Source records
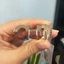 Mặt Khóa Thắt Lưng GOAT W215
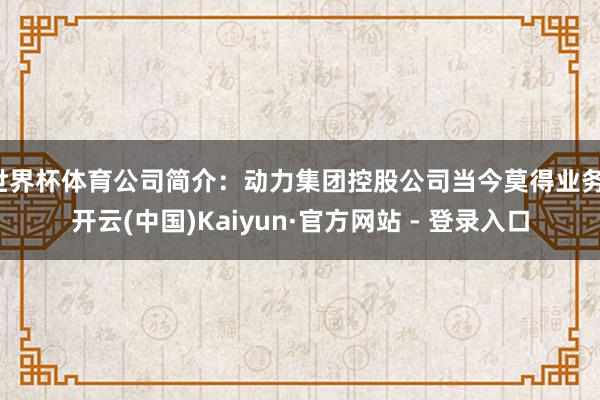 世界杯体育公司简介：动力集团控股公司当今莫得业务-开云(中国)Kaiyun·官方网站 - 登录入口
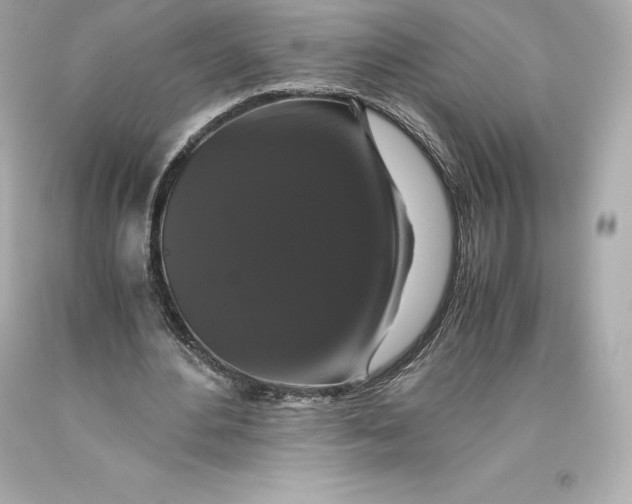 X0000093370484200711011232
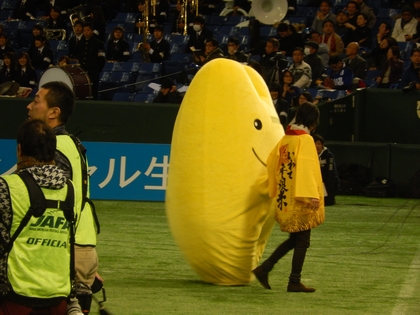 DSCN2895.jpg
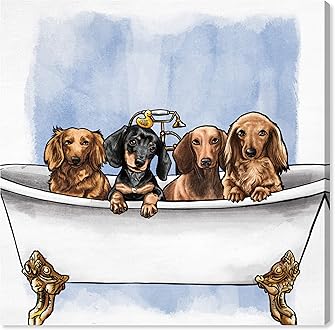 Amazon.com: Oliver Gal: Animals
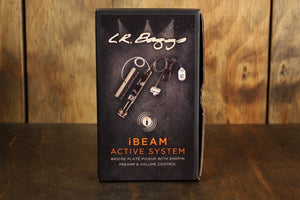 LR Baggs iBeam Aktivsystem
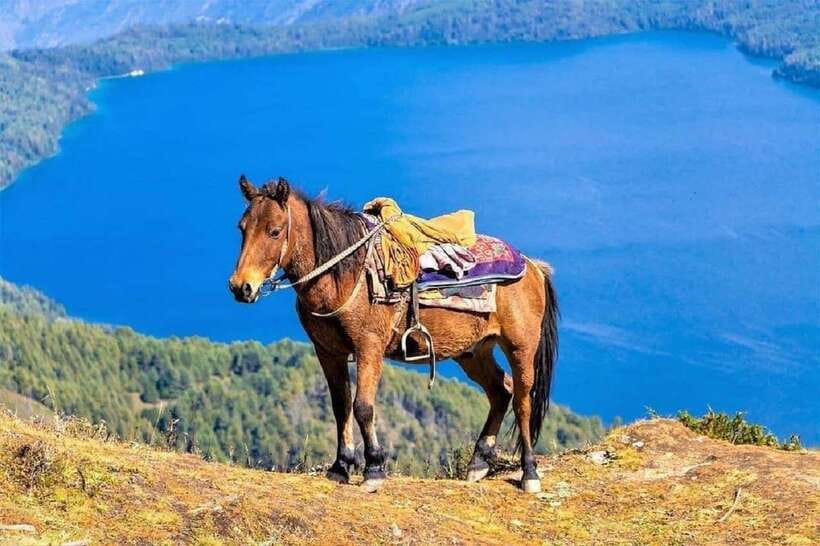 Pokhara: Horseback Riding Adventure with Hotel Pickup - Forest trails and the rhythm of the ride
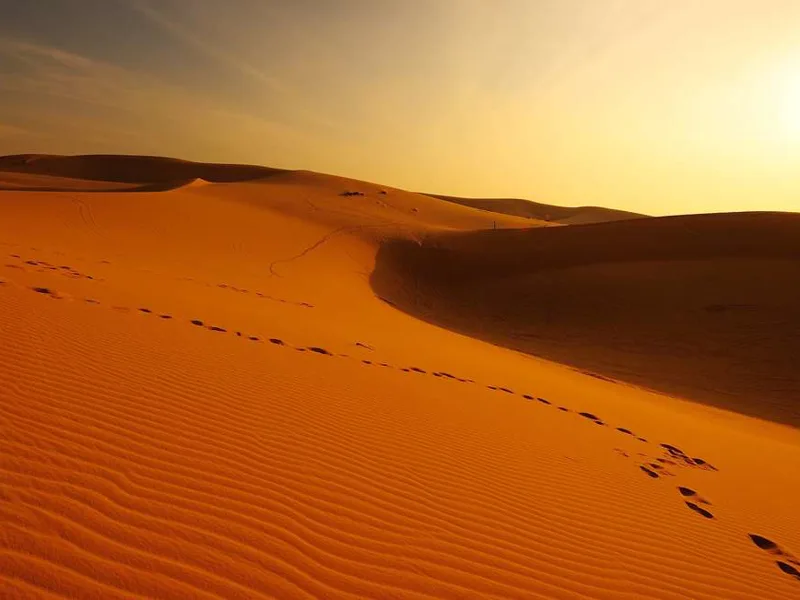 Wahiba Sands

Exercise instructions >> Write the lines out exactly, beginning at the line that holds "世界杯体育公司简介：动力集团控股公司当今莫得业务-开云(中国)Kaiyun·官方网站 - 登录入口" and stopping after the last line of the entries; include no pictures.

Solution to the exercise >>
 世界杯体育公司简介：动力集团控股公司当今莫得业务-开云(中国)Kaiyun·官方网站 - 登录入口
 X0000093370484200711011232
 DSCN2895.jpg
 Amazon.com: Oliver Gal: Animals
 LR Baggs iBeam Aktivsystem
 Pokhara: Horseback Riding Adventure with Hotel Pickup - Forest trails and the rhythm of the ride
 Wahiba Sands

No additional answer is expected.